Les personnes âgées attribuent souvent leurs problèmes physiques ou cognitifs à l’âge plutôt que de trouver des circonstances atténuantes (« Que voulez-vous, c’est l’âge ! »). Diverses études réalisées aux Etats-Unis ont mis en évidence que ces attributions à l’âge étaient associées à une santé physique plus mauvaise, au fait de différer ou ne pas entreprendre de traitement pour des problèmes de santé et à un risque accru de mortalité (voir aussi notre chronique du 18 mai 2010).
Dans une étude récente, Levy et al. (2009) ont montré que les Japonais âgés faisaient plus d’attributions à l’âge que les Etats-Uniens âgés. Cependant, si les attributions à l’âge étaient associées à une moins bonne santé chez les Etats-Uniens âgés, ce n’était pas le cas chez les Japonais âgés.
Les résultats montrent que cette différence entre cultures dans l’effet des attributions à l’âge sur la santé est essentiellement expliquée par le fait que la culture japonaise se caractérise par un niveau plus élevé d’interdépendance (une valeur élevée attribuée aux relations fondamentales entre individus, y compris entre des personnes de générations différentes), alors que la culture états-unienne se caractérise pas un niveau plus élevé d’indépendance (une valeur élevée attribuée à l’individualisme).

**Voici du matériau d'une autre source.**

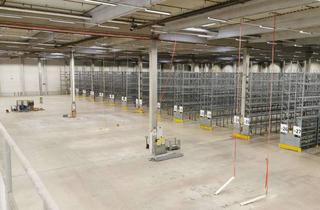 Gewerbeimmobilie mieten in Im Langental, 66539 Neunkirchen, Ca. 3.000 qm Lager- / Logistikfläche zu vermieten mit Sprinkleranlage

L’interdépendance chez les Japonais se manifeste notamment par le nombre plus élevé de parents âgés et d’enfants adultes qui vivent ensemble. Un bénéfice tiré de cette interdépendance est qu’ily a moins de peur du vieillissement au Japon qu’aux Etats-Unis et dès lors que les attributions à l’âge ont davantage de connotations positives pour les Japonais.
Une étude a par ailleurs montré que 78% des Etats-Uniens âgés s’attendaient à ce que leur indépendance décline avec l’âge. La dissonance qui en résulte par rapport à la valeur élevée d’individualisme qu’ils défendent peut expliquer pourquoi les attributions à l’âge génèrent un sentiment de perte de contrôle sur les problèmes de santé, une croyance réduite dans l’efficacité de comportements préventifs, ce qui peut ainsi conduire à une moins bonne santé.
L’association entre les attributions à l’âge de ses difficultés physiques et cognitives et une moins bonne santé n’est donc pas inévitable : une culture davantage basée sur des valeurs élevées d’interdépendance peut exercer une force compensatoire.
Statuette de Dzyurodzin, promoteur de la longévité et de la sagesse, un des sept dieux japonais du bonheur.
Levy, B.R., Asham, O., & Slade, M.D. (2009). Age attributions and aging health: Contrast between the United States and Japan. Journal of Gerontology: Psychological Sciences, 64B, 335-338.